New Jersey Statutes 54A:11-2. Definitions relative to required health insurance coverage
Terms Used In New Jersey Statutes 54A:11-2
- Contract: A legal written agreement that becomes binding when signed.
- Corporation: A legal entity owned by the holders of shares of stock that have been issued, and that can own, receive, and transfer property, and carry on business in its own name.
- State: extends to and includes any State, territory or possession of the United States, the District of Columbia and the Canal Zone. See New Jersey Statutes 1:1-2
“Affordable Care Act” means the federal “Patient Protection and Affordable Care Act,” Pub.L.111-148, as amended by the federal “Health Care and Education Reconciliation Act of 2010,” Pub.L.111-152, and any federal rules and regulations adopted pursuant thereto.
“Applicable individual” means the same as defined in 26 U.S.C. § 5000A(d)(1).

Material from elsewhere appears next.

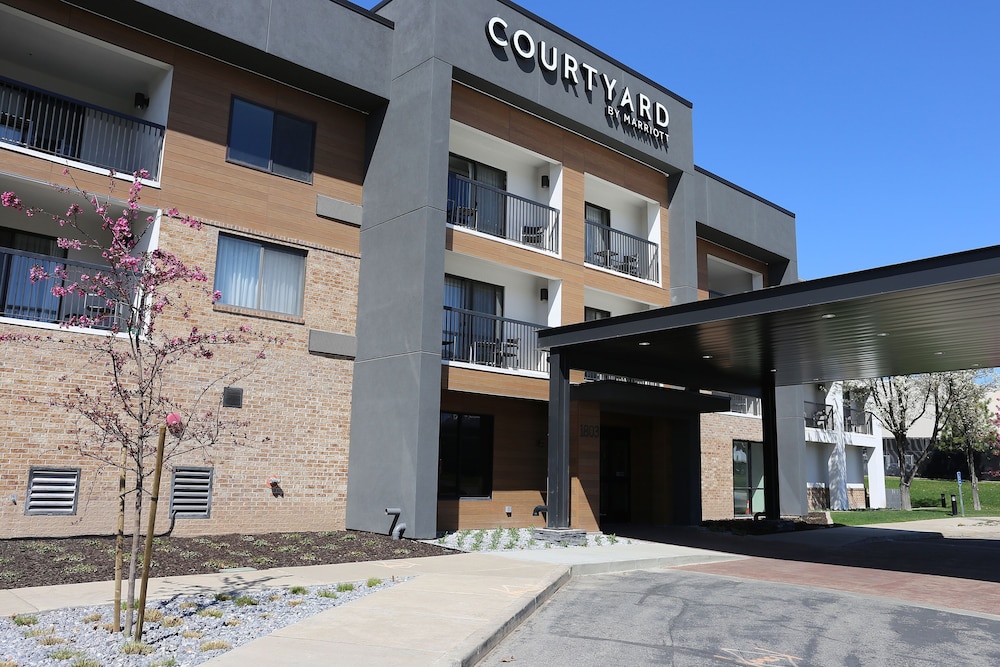 Courtyard By Marriott Layton,Layton>>Clearfield,3 star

“Carrier” means any entity that contracts or offers to contract to provide, deliver, arrange for, pay for, or reimburse any of the costs of health care services, including a sickness and accident insurance company, a health maintenance organization, a hospital or health service corporation, a multiple employer welfare arrangement, an entity under contract with the State Health Benefits Program or the School Employees’ Health Benefits Program to administer a health benefits plan, or any other entity providing a health benefits plan.
“Minimum essential coverage” means the same as defined in 26 U.S.C. § 5000A(f)(1).
L.2018, c.31, s.2.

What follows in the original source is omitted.